■ EXERCISE:
Your copy should match the records exactly, except that it contains no pictures.

DATA TO PROCESS START

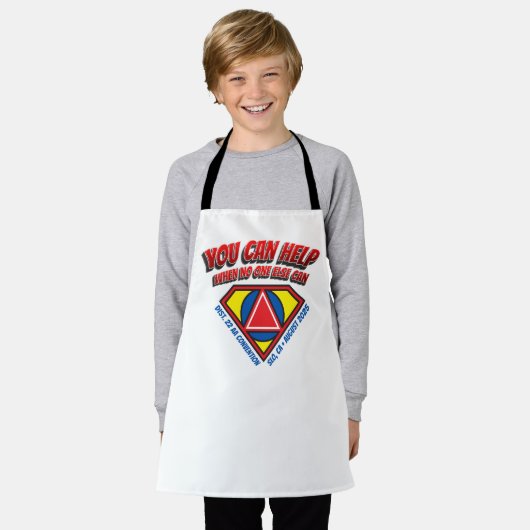 Tablier Convention AA 2025 avril (Porté)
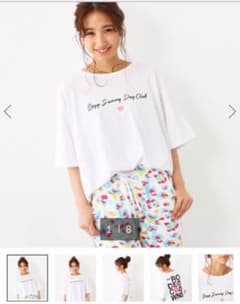 ロデオ Tシャツ 未使用のサムネイル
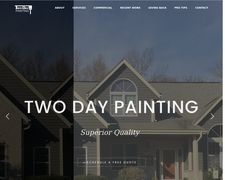 Thumbnail of Twodaypainting.com
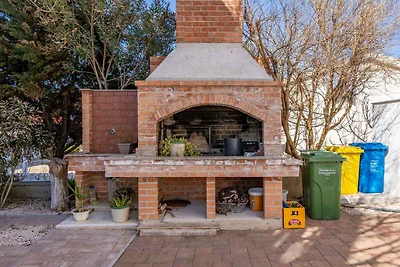 Gemütliche Ferienwohnung Lacic auf der Insel 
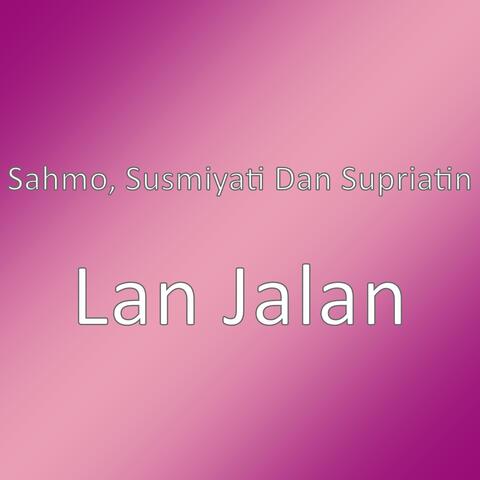 Lan Jalan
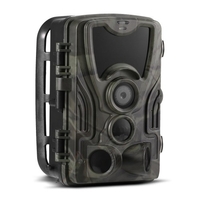 16MP 1080P Trail Camera Game Game Chasse Caméra (Pas de réseau)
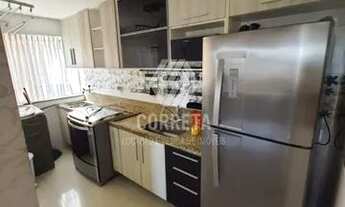 Imagem 3: OB-Alugo apartamento em Jardim Tropical 2 quartos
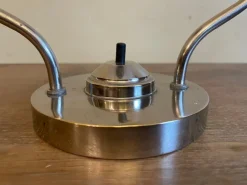 Sale Pamono Vintage French Art Deco Table Lamp, 1930s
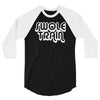 swole train 3/4 Sleeve Shirt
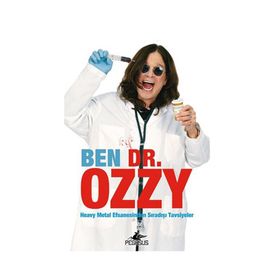 BEN OZZY - OZZY OSBOURNE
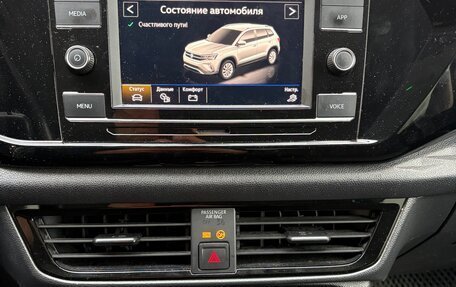 Volkswagen Taos, 2021 год, 2 400 000 рублей, 8 фотография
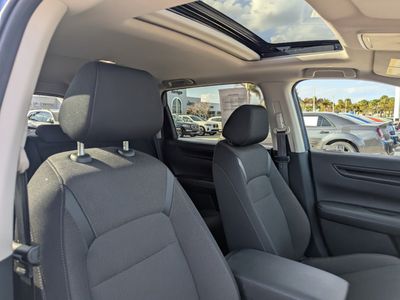 2024 Honda CR-V — photo 11 view
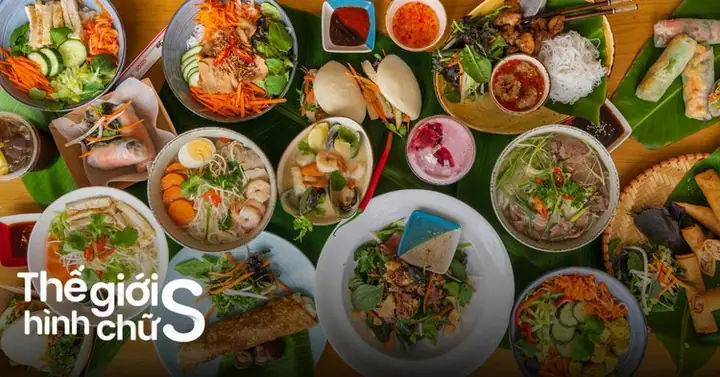 Món Việt được du khách quốc tế quan tâm nhiều khi du lịch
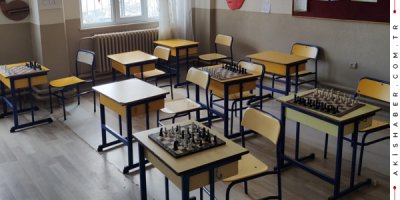 Denizli’de Köy Okullarında Hazırlıklar Tamamlandı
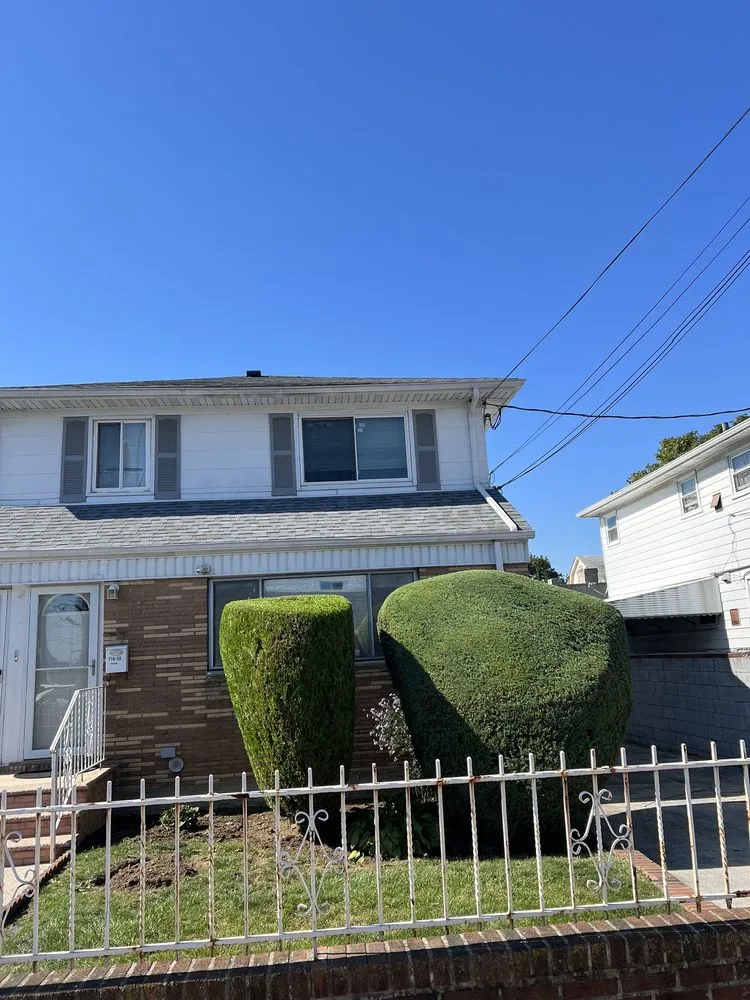 Affordable landscape design in Queens, NY - M&J Landscape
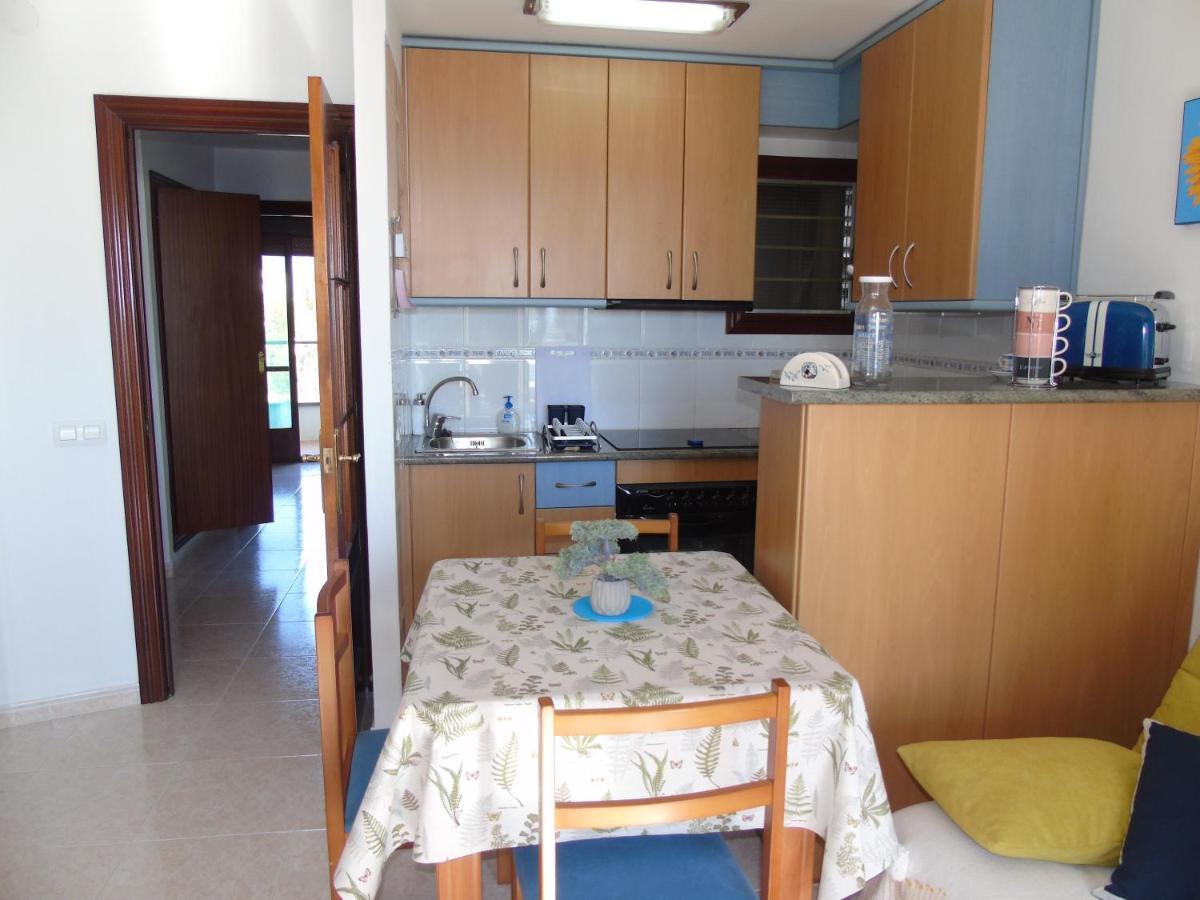 Appartement Premiere Ligne De Mer Росас Экстерьер фото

DATA TO PROCESS END

■ RESULT OF THE EXERCISE:
 Tablier Convention AA 2025 avril (Porté)
 ロデオ Tシャツ 未使用のサムネイル
 Thumbnail of Twodaypainting.com
 Gemütliche Ferienwohnung Lacic auf der Insel 
 Lan Jalan
 16MP 1080P Trail Camera Game Game Chasse Caméra (Pas de réseau)
 Imagem 3: OB-Alugo apartamento em Jardim Tropical 2 quartos
 Sale Pamono Vintage French Art Deco Table Lamp, 1930s
 swole train 3/4 Sleeve Shirt
 BEN OZZY - OZZY OSBOURNE
 Volkswagen Taos, 2021 год, 2 400 000 рублей, 8 фотография
 2024 Honda CR-V — photo 11 view
 Món Việt được du khách quốc tế quan tâm nhiều khi du lịch
 Denizli’de Köy Okullarında Hazırlıklar Tamamlandı
 Affordable landscape design in Queens, NY - M&J Landscape
 Appartement Premiere Ligne De Mer Росас Экстерьер фото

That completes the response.